This is the perfect time to get your dog used to its collar and leash. Start by putting the collar on. Just let them run around in it. After they are used to the collar, start with the leash. If your fur-baby is uncomfortable, or fights the equipment, use treats and praise to help it get used to them.
Step 2. Take your friend for walks in the house. This helps your pooch to get used to the leash and collar while in a safe, familiar environment. If your dog walks without pulling, give praise and treats.
This is also an excellent time to train other commands like “sit” and “stay”. It is also recommended to tire your canine out before leash training. This makes them less likely to run and pull at the leash.
Step 3. You are now ready for the great outdoors. By this time, your pup should be used to the equipment. You have had time to learn your dog’s personality, and see what type of leash and collar will work best for you and your furry friend.
When you start walking, if your dog pulls and tugs, do not painfully pull back on the leash. Just give a quick pop on the leash, say “no”. When pooch stops, then say “no” again, and immediately reward with a treat.
Maintenance and Continued Leash Education
To make sure that your canine has the leash and collar routine down pat, you need to repeat this training in many different settings, and at many different places.
Fortunately, leash training isn’t the most difficult dog training trick you’ll have to teach your dog, and it’s fairly easy to get ahold of this. You can even combine leash training with “stranger” training. Just make sure you do them separately in the your home first.
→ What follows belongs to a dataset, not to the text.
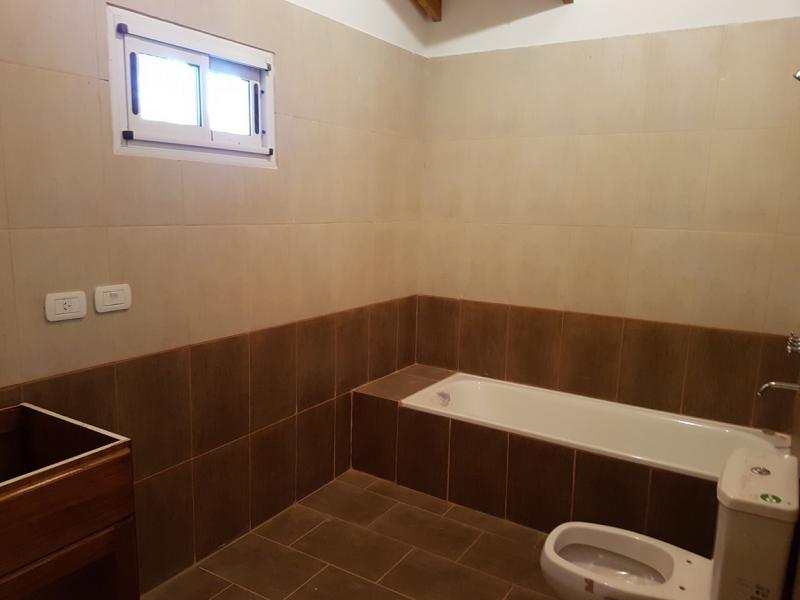 Manés Propiedades Casa a estrenar en el barrio cerrado EUCALIPTUS PILAR (ZONA: Golfer’s CC, Marinas Del Pilar, Rocíos, Palmares, La Emilia, La reserva.)  , sobre una planta: living, cocina, lavadero, dormitorio principal en suite con vestidor, dos dormitorios más con otro baño completo, lote 940 metros, superficie cubierta 130 metros, superficie semicubierta 40 metros. 
SIN EXPENSAS
U$S150.000.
Here are some final tips to success:
- Keep training sessions short, frequent, and don’t exhaust your dog.
- Be consistent and let the dog know that pulling is not acceptable – the first time, every time.
- Walk at a quick pace when training. It keeps your canine more focused on the walking, and less focused with the smell you just passed.
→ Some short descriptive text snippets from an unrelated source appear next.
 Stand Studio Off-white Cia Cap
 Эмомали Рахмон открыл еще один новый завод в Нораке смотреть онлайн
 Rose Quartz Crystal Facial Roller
- Make your pup sit calmly before putting on the leash. You want to start the session with you being the boss from the very begin. Make sure focus is always on you from start to finish.
- Keep at it! If you stop walking for a while, be prepared to have to do some refreshing on leash manners. Keep to a regular routine, and your pooch will train faster, and retain the knowledge.
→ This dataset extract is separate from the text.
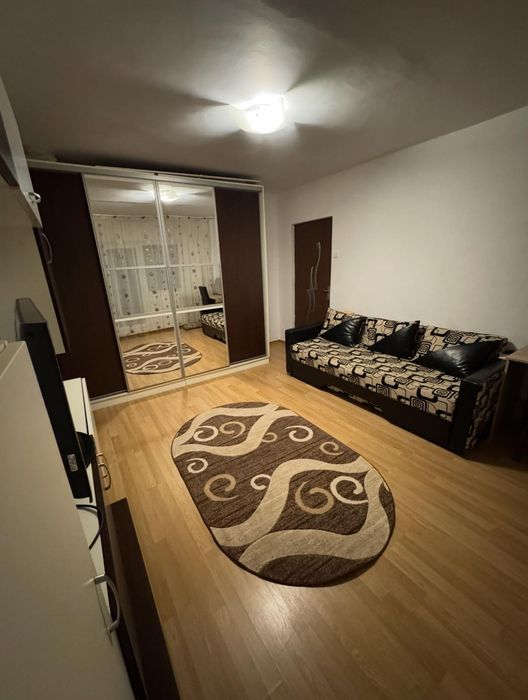 Apartament de închiriat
Remember that structure and consistency are the most important factors that will impact how successful you are with almost any dog training task. Don’t fall for all the marketing gimmicks or “unusual” training advice that’s supposed to train your dog quicker; there’s no such thing. But if you stick to these tips, you’ll have an easier time leash training your dog and ensuring that this conditioning sticks with you pup.
Don’t worry if it seems to be taking longer than other owners say it took them. This is your quality time spent with your dog. Only worry about moving at the pace that is right for yours and your dog’s personality and schedule. The main thing is not to give up! If you are consistent with your training, the results will come.